Minggu, 25 November 2012

KILAS BALIK INTEGRASI INTERKONEKSI PROF. AMIN ABDULLAH DI UIN SUNAN KALIJAGA


Paradigma Integrasi-Interkoneksi ramai diperbincangkan di kalangan UIN Sunan Kalijaga seiring adanya proses transformasi dari IAIN menuju UIN pada tahun 2004. Transformasi menjadi Universitas Islam Negeri (UIN) Sunan Kalijaga ini berdasarkan Surat Keputusan Menteri Pendidikan Nasional dan Menteri Agama Nomor 01/0/SKB/2004 dan Nomor ND/B.V/I/Hk.001/058/04 Tanggal 23 Januari 2004, yang diperkuat lagi dengan Keputusan Presiden Republik Indonesia Nomor 50 Tahun 2004 Tanggal 21 Juni 2004. Transformasi ini bertujuan agar lembaga yang semula bernama IAIN ini berkembang menjadi center of excellent terutama dalam bidang ilmu-ilmu keislaman dengan membentuk tiga tim kelompok kerja (pokja) akademik, menejemen dan administrasi umum. Ketiga tim pokja itu melakukan tugasnya masing-masing guna menghasilkan rumusan besar tentang sosok UIN Sunan Kalijaga yang “Integrasi-Interkoneksi”.

Istilah Integrasi-Interkoneksi merupakan wacana dari Prof. Amin Abdullah (pada waktu itu menjabat sebagai rektor di IAIN Sunan Kalijaga 2001-2005). Sosok ilmuan yang dikenal sebagai filosof itu begitu antusias akan gagasannya tersebut. Berbagai forum digelar untuk mendiskusikan secara intensif. Banyak kritik dari berbagai kalangan dan latar keilmuan akademisi yang datang, baik dari internal kampus ataupun yang dari luar.

Namun semua itu tidak menyurutkan semangat beliau untuk mewujudkan impiannya, mewujudkan Integrasi-Interkoneksi di dunia kampus sehingga akrab dan menjadi worldview bahkan mendalam menjadi mindset ideologi semua insan akademis khususnya dan umat manusia umumnya. Beliau yakin bahwa integrasi-interkoneksi atau lengkapnya Integrasi-Interkoneksi Ilmu Keislaman (disingkat 3IK) adalah solusi paling tepat dalam menjawab problem sosial kemanusiaan terutama yang berkaitan dengan keislaman dan keindonesiaan.

Berbekal kekayaan literatur yang sudah dijelajah dan keluasan pengalaman berdialog dalam berbagai forum, baik lokal atau internasional, Prof. Amin Abdullah merumuskan 3IK sebagai sebuah paradigma keilmuan. 3IK adalah sintesa dari realitas historis keilmuan keislaman yang selama ini tegak kokoh berdiri bak menara gading tanpa membutuhkan dan perduli dengan keilmuan yang lain (single entity). Seorang faqih dianggap sebagai sosok yang paling otoritatif bicara Islam dibanding seorang muhaddis, muarrikh, muaddib ataupun mufassir. Begitu juga sebaliknya.

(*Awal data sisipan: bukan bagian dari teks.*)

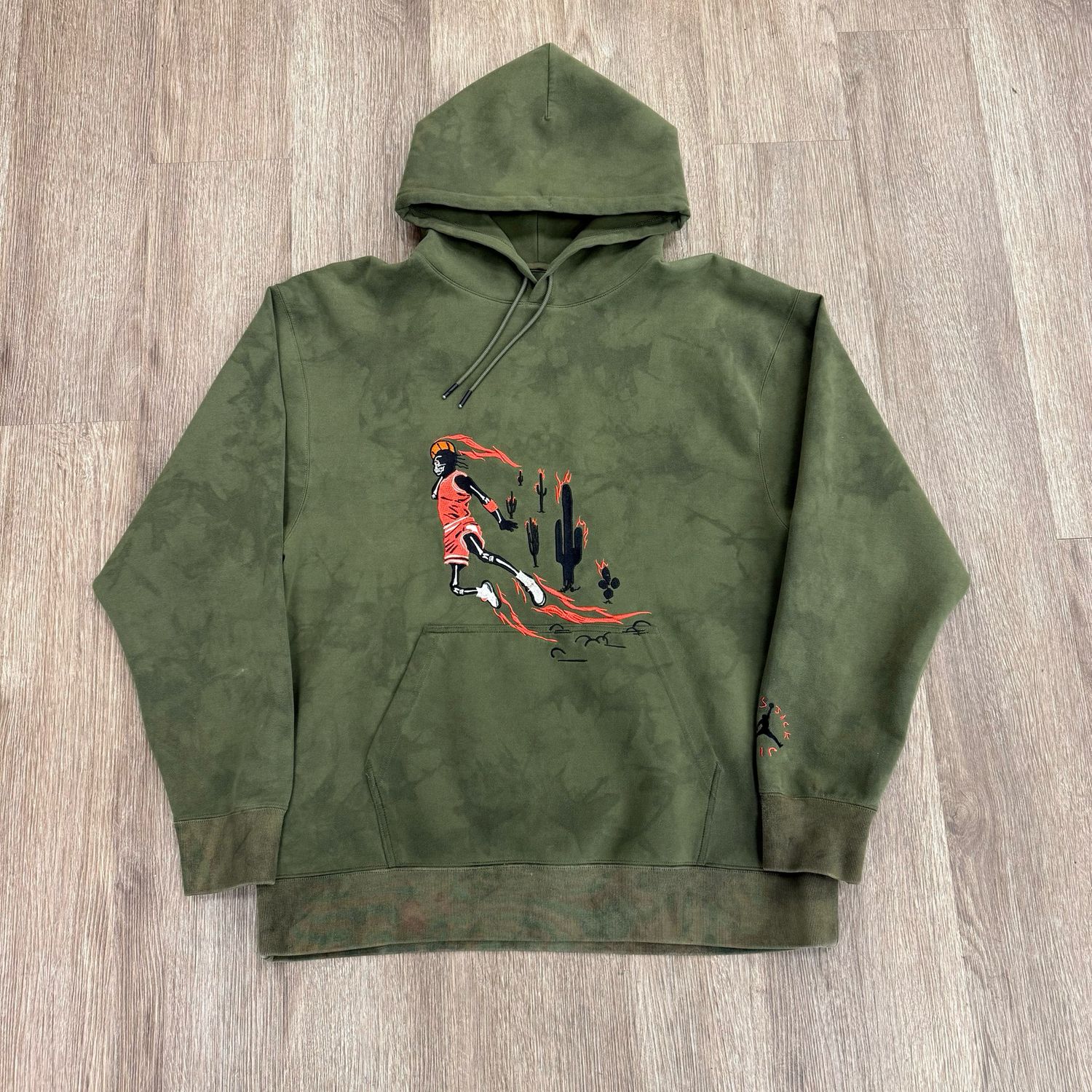 PO TRAVIS SCOTT JORDAN WASHED SUEDE HOODIE OLIVE SIZE L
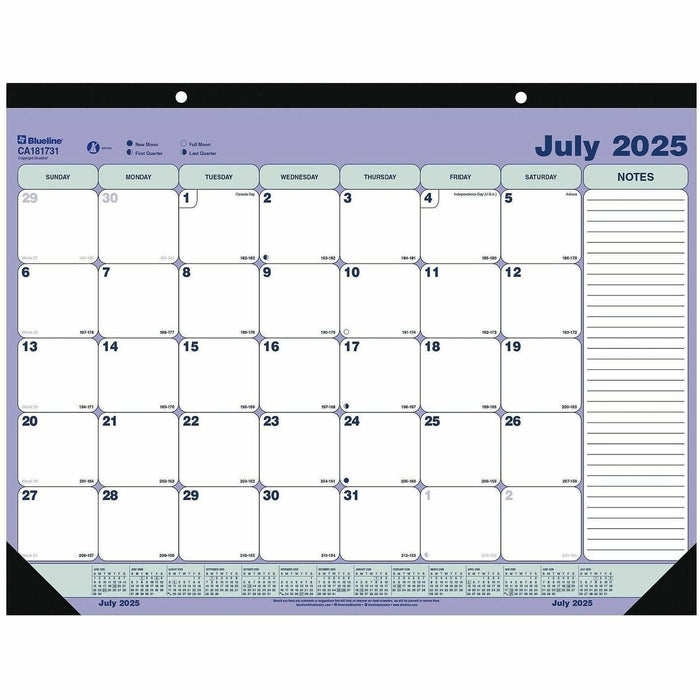 Blueline 2025-2026 13-Month Monthly Academic Desk Pad/Calendar - July to July - 21-1/4" x 16" - English - Academic - Monthly - 13 Month - July 2025 to July 2026 - 1 Month Single Page Layout - 21 1/4" (539.75 mm) x 16" (406.40 mm) Sheet Size - 2 x Holes -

Bila kondisi ini dibiarkan maka Islam dan umat Islam akan tertinggal dan ditinggal jauh oleh pesatnya akselerasi kemajuan peradaban. Bangunan keilmuan keislaman yang menjadikan teks/nash sebagai sumber kebenaran dengan pola nalar yang deduktif Aristotelian ini memiliki kelemahan cukup mendasar, yaitu tidak akrab dengan realitas (lack of empiricism) juga lemah secara metodologis. Kelemahan ini diperparah lagi dengan tarikan interes-interes personal yang begitu kuat karena rapuhnya benteng moral yang dimiliki. Selain pola pandang yang sempit (narrow mindedness) dan myopic juga kerdilnya mentalitas keilmuan untuk menerima kebenaran dari mana saja datangnya (open minded) semakin menambah absurditas keadaan.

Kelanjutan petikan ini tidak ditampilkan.